Question: What does alpha=0.05
and s=1
do in the following scatter plot command? (Vary their values to see what happens)
2. Simulating a fun Monte Carlo game. Suppose you’re on a game show, and you’re given the choice of three doors:
Behind one door is a car; behind the two others, goats. You pick a door, say No. 1, and the host of the show opens another door, say No. 3, which has a goat.
He then says to you, “Do you want to pick door No. 2?”.

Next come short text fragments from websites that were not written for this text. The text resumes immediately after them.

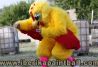 Caza a la Gallina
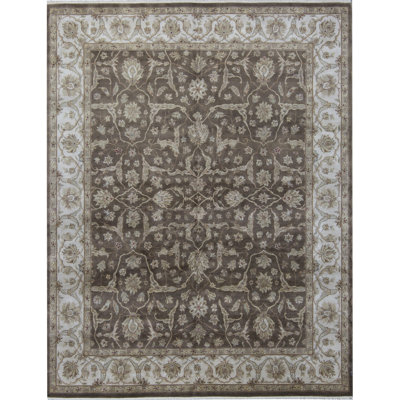 One-of-a-Kind 7'10" X 10' Area Rug
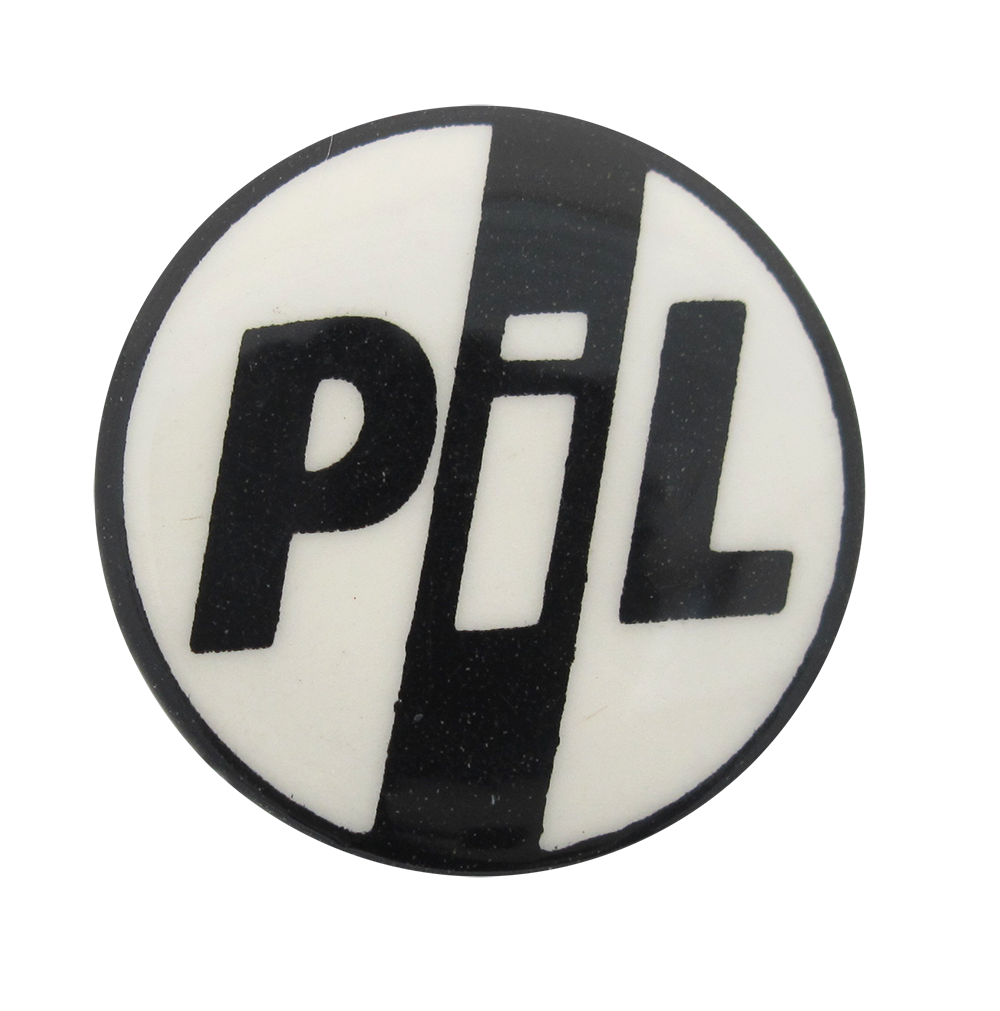 PIL LOGO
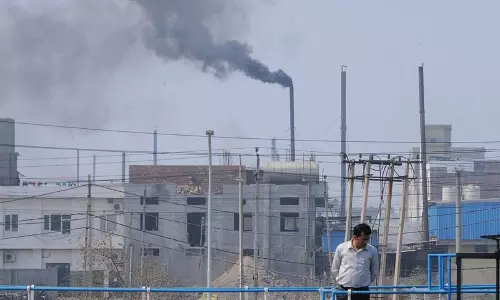 मेक इन Haryana औद्योगिक नीति एक ट्रिलियन डॉलर की अर्थव्यवस्था की नींव रखेगी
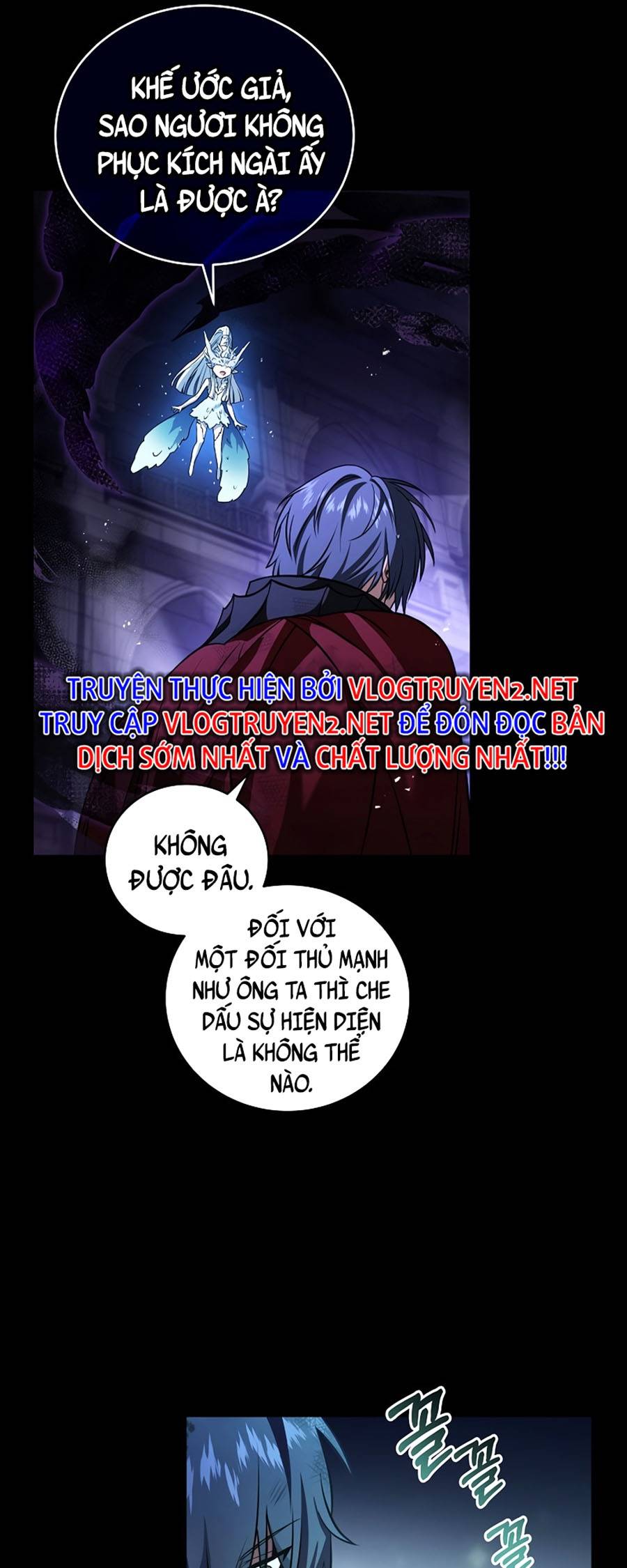 Sử Trở Lại Của Frozen Player: Chapter 67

Question: What would you do?
Is it to your advantage to switch your choice from door 1 to door 2? Is it to your advantage, in the long run, for a large number of game tries, to switch to the other door?
Now whatever your answer is, I want you to check/prove your answer by a Monte Carlo simulation of this problem. Make a plot of your simulation for $ngames=100000$ repeat of this game, that shows, in the long run, on average, what is the probability of winning this game if you switch your choice, and what is the probability of winning, if you do not switch to the other door.